Multi-client capability with PostgreSQL
In an application with several clients, it must be ensured that the data of one client is not displayed for others or can be changed by the actions of others. This article describes a solution for PostgreSQL databases.
Anyone who has ever had to develop a multi-client capability (or “multi-tenancy”) in a project will know that there are many different solutions for this.
Usually the following three approaches are spoken of:
1. one database per client
There is a separate database for each client. The application must ensure communication with the correct database for a query.

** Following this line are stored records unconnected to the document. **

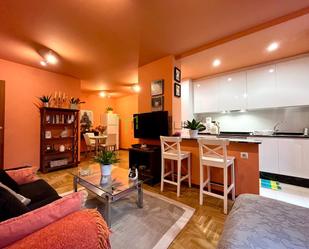 Living room of Apartment to rent in Santiago de Compostela   with Heating, Parquet flooring and Storage room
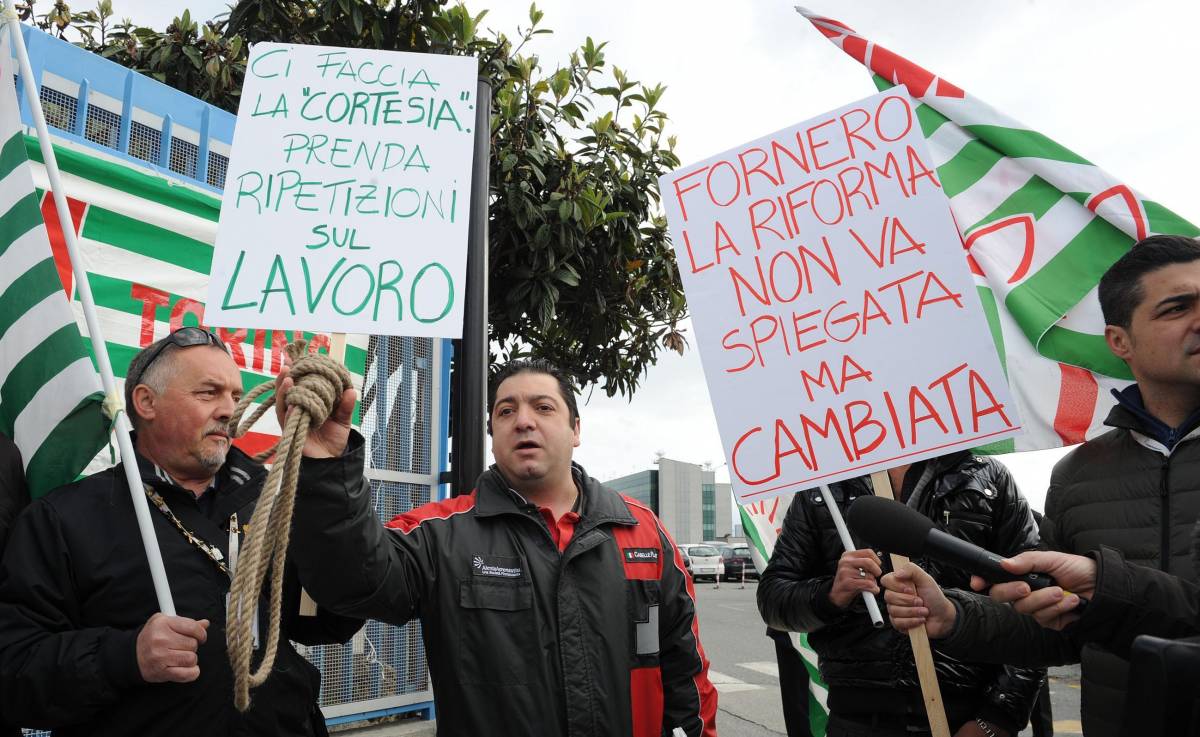 Crisi, la Fornero in fabbrica spiega la riforma del lavoro: contestazioni sull'articolo 18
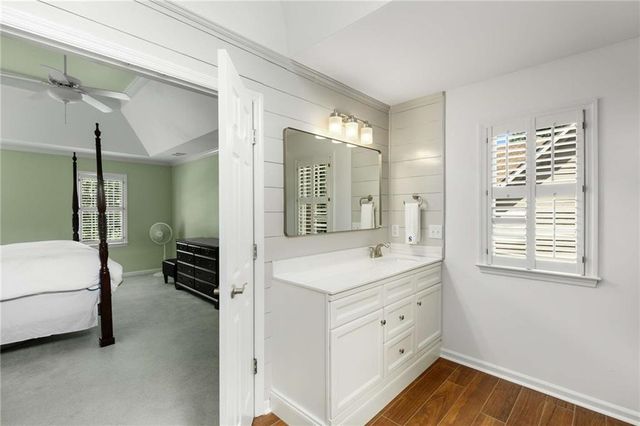 1028 Longwood Drive, Woodstock, GA 30189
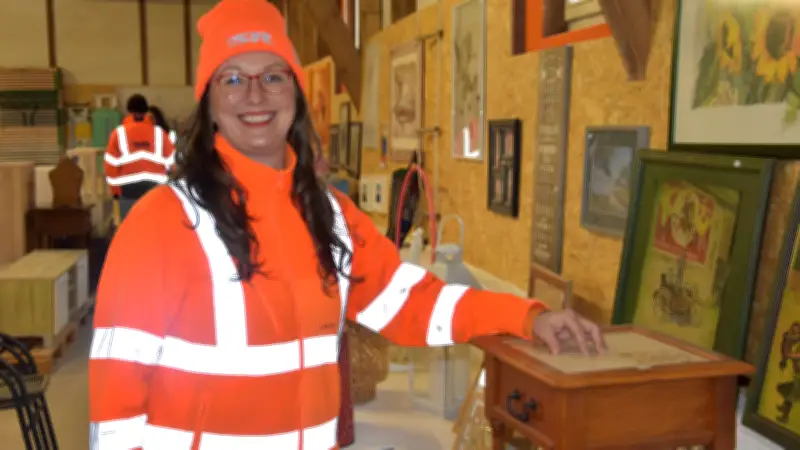 HanseSchatz-Markt in Rostock: Flohmarkt statt Mülltonne für nachhaltigen Konsum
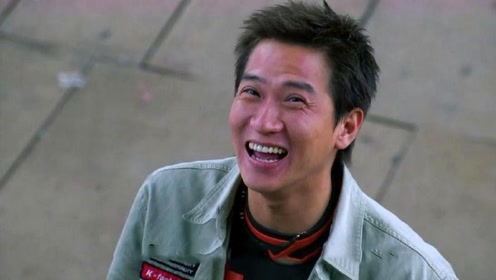 "渣渣飞"就是牛!绑匪要钱怎么办,助跑一波就解决!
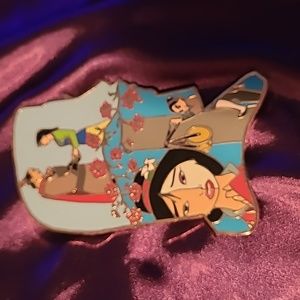👑 LE50 DISNEY MULAN enamel on metal 4 inch JUMBO SILHOUETTE PIN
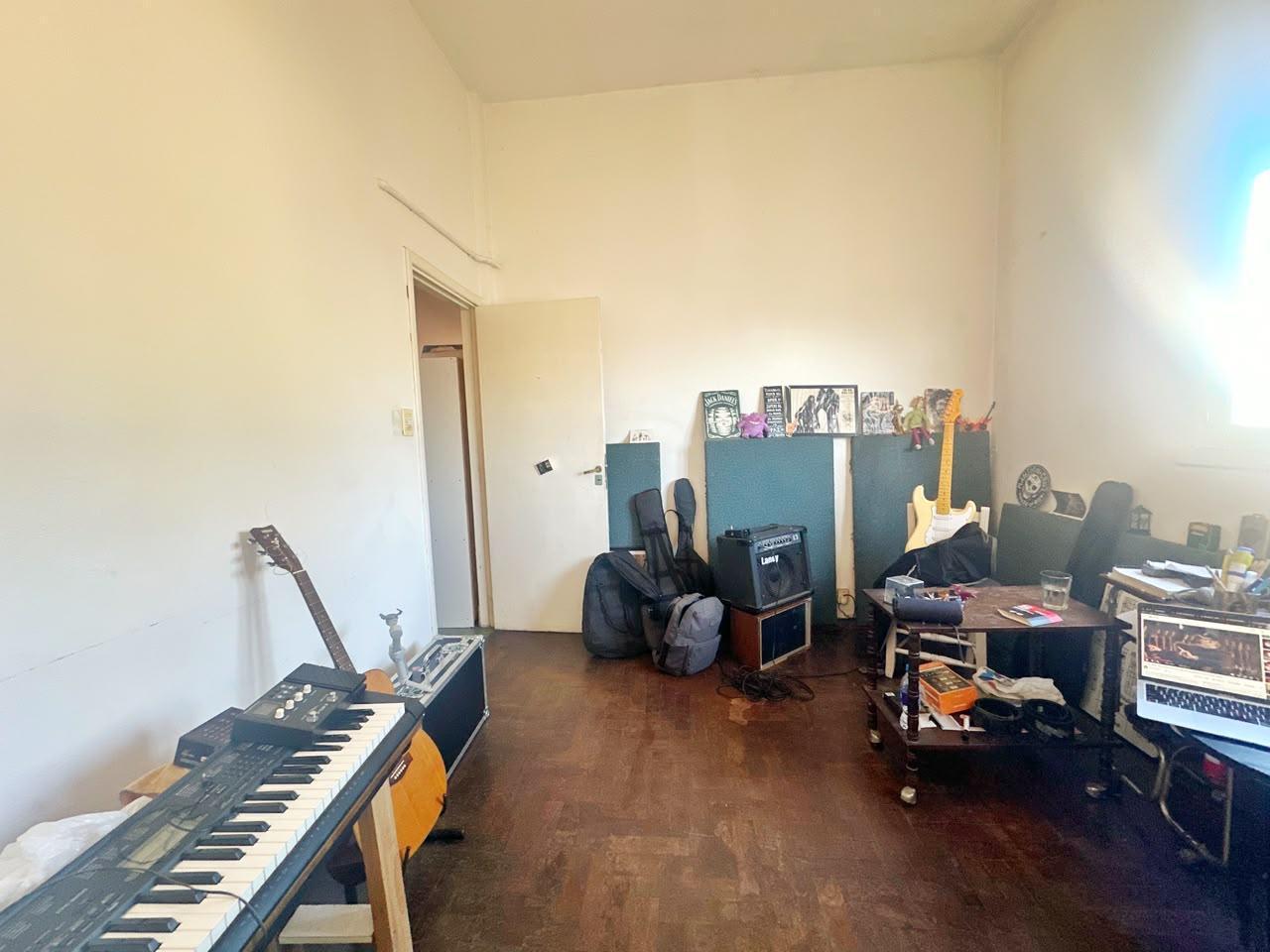 Foto de VENTA CASA Y GALPÓN 4 AMBIENTES JARDÍN LANÚS OESTE, imagen 1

2. a shared database with one schema per client
There is only one database for all clients, but each client has its own database schema. Each client also has its own database user for database queries. The application has to take care of establishing or using a database connection with the right user.
3. a shared database with a shared schema for all clients
There is only one database with only one schema containing the data of all clients. To be able to assign the data to the clients, the data records are extended with an identifier.
The third variant has two major disadvantages. The data is not isolated from each other and database queries must always be extended with the client identifier by the backend developer so that only the data of the desired client is read during a query.
Row-Level-Security
Since version 9.5 PostgreSQL offers the function Row-Level-Security (short: RLS). This avoids the two disadvantages mentioned above. RLS can be used to create so-called policies on tables. With these policies, access to the table can be restricted both during reading and writing.
Here is an example:
In an employee administration, the table “employees” contains the employees of each client.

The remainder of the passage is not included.